Valcourt, who is from Sterling, Mass., is a molecular biology major and a candidate for a certificate in quantitative and computational biology. He received the Shapiro Prize for Academic Excellence in 2009 and is described by academic and administrative advisers as both a "gifted scientist" and "campus humorist."
"People simply love Jim," said Associate Dean of Undergraduate Students Thomas Dunne. "He is all that you would want an undergraduate to be — funny, passionate, and quietly determined and curious about the world around him."
Valcourt currently serves as chair of The Princeton Tiger humor magazine, speakers chair for the Student Bioethics Forum and as a leader trainer for the Outdoor Action preorientation program for freshmen. His other activities include working as an Orange Key campus tour guide and serving as a peer tutor and peer academic adviser in Wilson College.
"I'm incredibly excited and deeply honored to be selected as one of this year's winners," Valcourt said. "I'm especially honored because I've seen firsthand how many amazing people are in our class.

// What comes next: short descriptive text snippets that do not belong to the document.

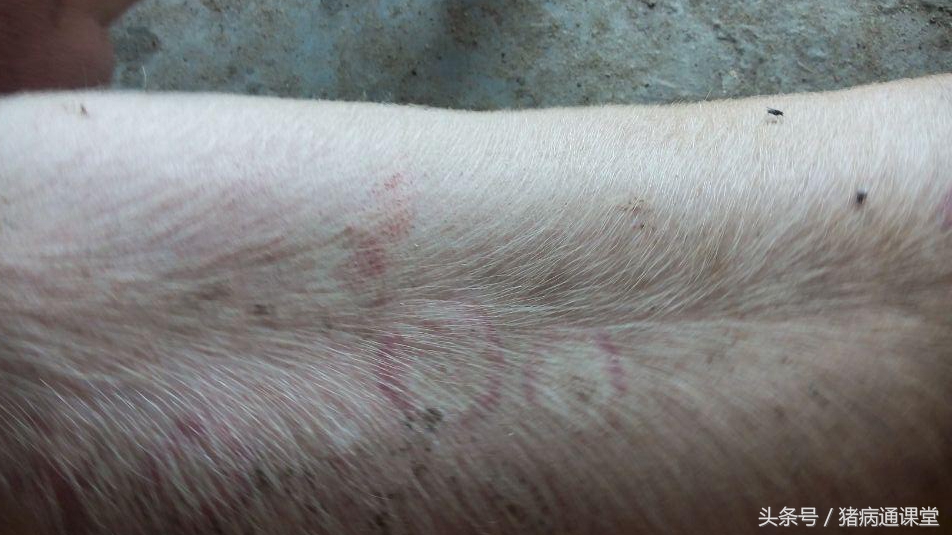 猪玫瑰糠疹打什么针,猪玫瑰糠疹的症状与治疗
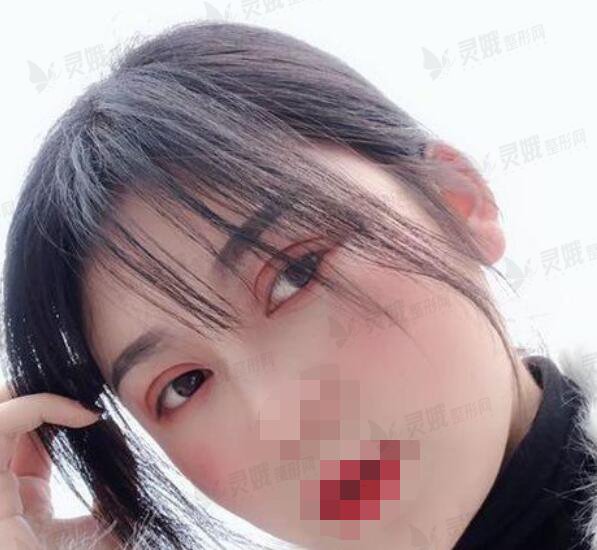 手术后
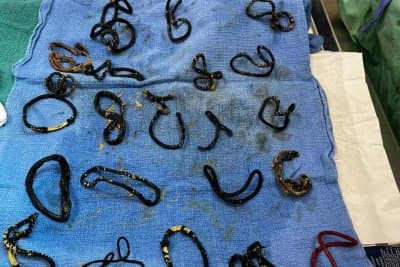 Florida Cat Gets Surgery After Secretly Swallowing 26 Hair Ties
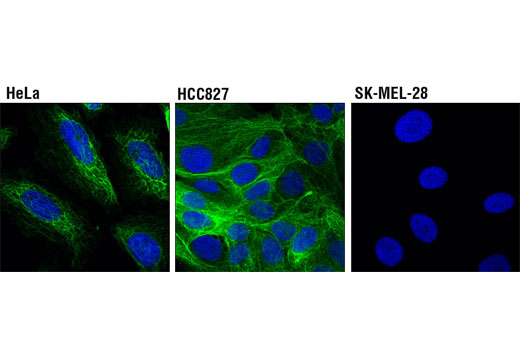 Confocal immunofluorescent analysis of keratin 17 positive HeLa (left), keratin 19 positive HCC827 (middle), and keratin 17/19 negative SK-MEL-28 (right) cells, using Keratin 17/19 (D4G2) XP ® Rabbit mAb (green). Blue pseudocolor= DRAQ5 ® #4084 (fluorescent DNA dye).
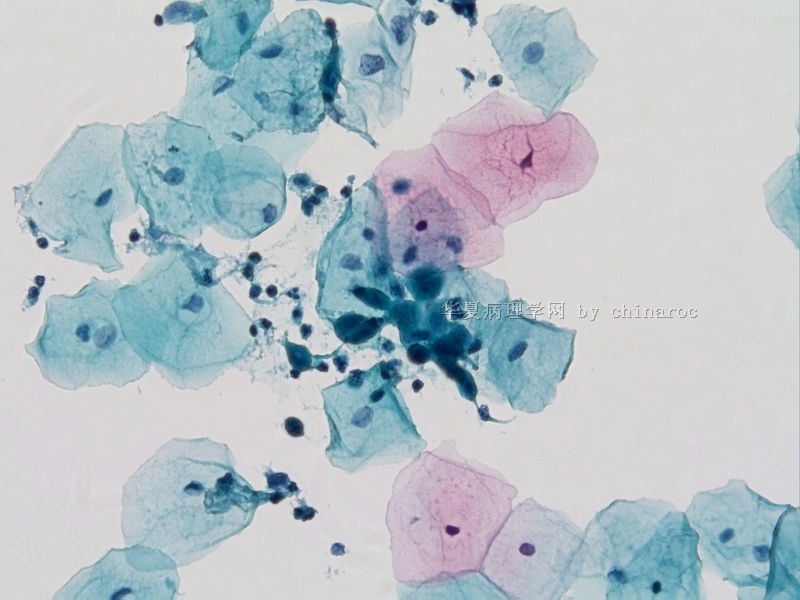 宫颈液基细胞学-地坛10图8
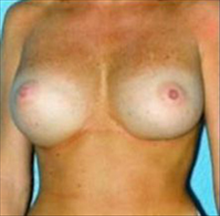 Breast Augmentation After Photo by Daniel Mills, MD; Laguna Beach, CA - Case 24657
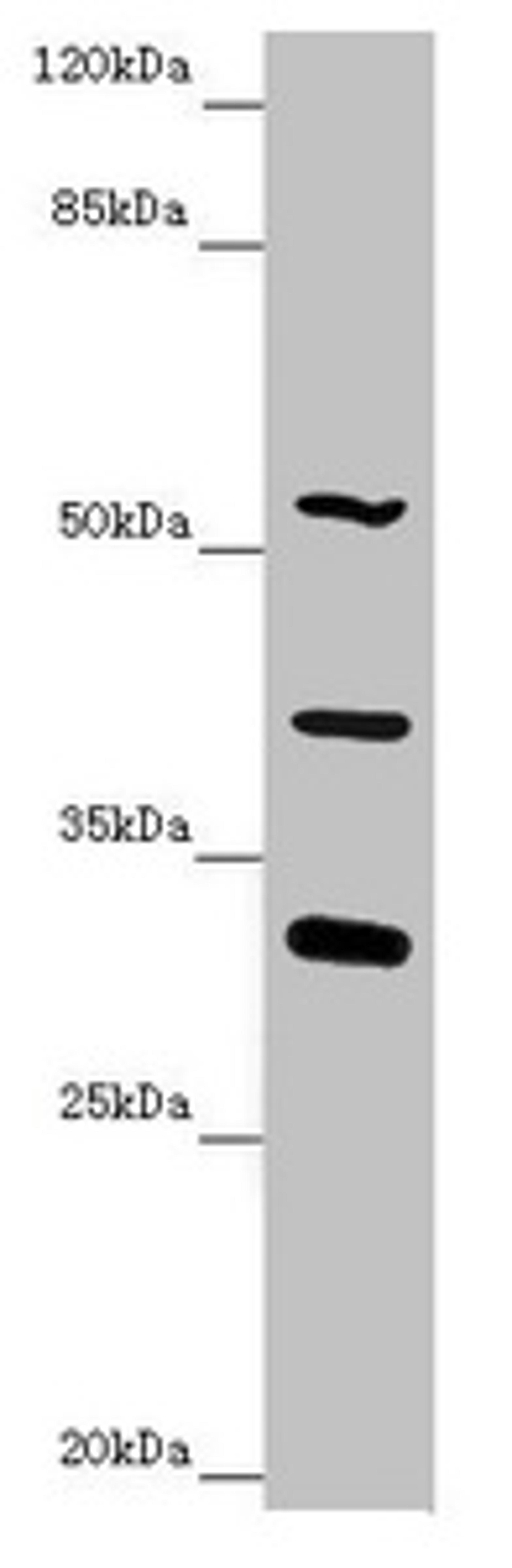 Western blot. All lanes: NYX antibody at 4.91 ug/ml.  + Mouse liver tissue. Secondary. Goat polyclonal to rabbit IgG at 1/10000 dilution. Predicted band size: 52 kDa. Observed band size: 52, 32, 39 kDa.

I can't imagine trying to select a winner from such a talented pool of students."
Valcourt's junior and senior independent work has focused on molecular and systems biology and he plans to also pursue these fields in his graduate studies.
For his senior thesis, Valcourt is defining the extent of cooperation between two pathways that regulate protein levels, employing both biological and computational methods to conduct his studies.
Speaking of the larger scientific impacts of such research, Valcourt noted that each of these pathways, when disrupted, can contribute to developmental disorders and diseases, including cancer. He said this has driven his desire to understand how they interact.
His thesis adviser Hilary Coller, an assistant professor of molecular biology, called Valcourt a scientist and student "of the highest caliber."
"Jim has a remarkable grasp of both experimental research and the quantitative analysis of large-scale datasets and genomic information," Coller said of his work with her lab group. "He is mature, respectful and honest. He is supportive of others, kind and a good labmate."
Coller said she was so impressed with Valcourt's work that she invited him to co-write a scientific review expected for publication in the journal Cell Cycle. Valcourt's research experience also has included summers as an intern at the University of Massachusetts Medical School and the European Molecular Biology Laboratories in Heidelberg, Germany.
Valcourt credited the University's Integrated Science Curriculum for freshmen and sophomores — which combines instruction in physics, biology, chemistry and computer science — with giving him a strong foundation to become a scientist.
"The courses have totally changed the way I think about scientific problems, and some of my best friends have come from the bonds that the program forms," he said.
David Botstein, the Anthony B. Evnin '62 Professor of Genomics, said he observed Valcourt as "both very bright and highly motivated" when he taught him in several courses.
"He also has a talent for research (both at the bench and the computer) and extraordinary leadership skills," said Botstein, a professor of molecular biology and director of the Lewis-Sigler Institute for Integrative Genomics.
Among his peers, Valcourt has been recognized for his sense of humor and school spirit. In 2011, he launched the first National Intercollegiate Humor Conference at Princeton, which drew attendees from universities around the country. His work resulted in receiving the Alberto Santos-Dumont Prize for Innovation, which honors students who create a unique and creative program that has a wide-ranging impact on the undergraduate community.
"Princeton is such a special place," Valcourt said. "It has incredible students, amazing professors and fantastic resources. I've enjoyed every second here, and I can't imagine going anywhere else."